Monday, August 4, 2014

Greg

Greg Dulli, Toronto 1998

THE AFGHAN WHIGS ARE PLAYING RIOT FEST here in Toronto next month, part of a 2-day bill that also includes The Cure, Social Distortion, The National, Death From Above 1979, The Buzzcocks, Bob Mould, Thurston Moore, The New Pornographers and Paul Weller. We've never taken the kids to an actual, for-real concert yet, but for a moment the wife and I considered spending a lot of money and dealing with no small amount of discomfort and whining to expose our offspring to the sort of music we used to love before they were born.

After a moment, sanity returned and we decided it was a bad idea.

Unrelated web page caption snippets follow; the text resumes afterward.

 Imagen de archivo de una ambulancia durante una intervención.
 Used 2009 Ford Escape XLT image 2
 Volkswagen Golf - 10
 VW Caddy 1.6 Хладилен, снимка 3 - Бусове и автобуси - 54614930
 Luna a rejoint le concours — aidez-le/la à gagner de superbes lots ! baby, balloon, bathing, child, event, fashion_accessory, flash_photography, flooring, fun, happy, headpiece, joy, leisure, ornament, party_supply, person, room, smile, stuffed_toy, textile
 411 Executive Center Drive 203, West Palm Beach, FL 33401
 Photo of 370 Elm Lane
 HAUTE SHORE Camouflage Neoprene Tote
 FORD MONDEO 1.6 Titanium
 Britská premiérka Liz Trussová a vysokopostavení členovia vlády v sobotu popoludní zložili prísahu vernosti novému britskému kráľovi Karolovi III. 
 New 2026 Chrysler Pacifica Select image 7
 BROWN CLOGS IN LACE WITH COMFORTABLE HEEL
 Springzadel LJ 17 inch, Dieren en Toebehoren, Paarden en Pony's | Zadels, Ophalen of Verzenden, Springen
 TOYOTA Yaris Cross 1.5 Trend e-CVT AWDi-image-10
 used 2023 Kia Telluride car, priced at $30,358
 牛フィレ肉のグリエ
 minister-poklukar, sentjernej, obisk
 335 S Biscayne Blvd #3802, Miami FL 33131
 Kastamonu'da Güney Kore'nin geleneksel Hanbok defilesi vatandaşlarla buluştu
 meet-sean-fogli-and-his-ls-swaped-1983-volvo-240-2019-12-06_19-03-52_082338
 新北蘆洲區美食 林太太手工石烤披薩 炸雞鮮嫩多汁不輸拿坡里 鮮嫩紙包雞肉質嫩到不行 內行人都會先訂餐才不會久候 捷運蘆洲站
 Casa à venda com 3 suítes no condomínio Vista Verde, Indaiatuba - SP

I was a big fan of Greg Dulli and the Afghan Whigs during the long terminal phase of my life as a single man, from my mid-twenties and long into my thirties. If you had come to believe that relationships were a minefield, that men and women could visit some truly amazing grief on each other, and that love was a fire we chose to thrust our hands into, then Dulli and the Whigs were the band for you. I was not a happy camper.

This was taken with a Bronica SQa in my Parkdale studio in the fall of 1998, when Dulli was doing press for the 1965 album, which would be their last before they broke up in 2001. The client was NOW magazine, and when I got the gig I contacted the publicist and asked if it was OK if I wrote things all over the seamless backdrop behind Dulli - stuff like "The only woman I have ever loved is my mother" and "I will never lie to you."

She said she'd talk to Dulli and get back to me. A few days later, I got a call saying Greg thought it was fine - as long as I wrote everything in Italian.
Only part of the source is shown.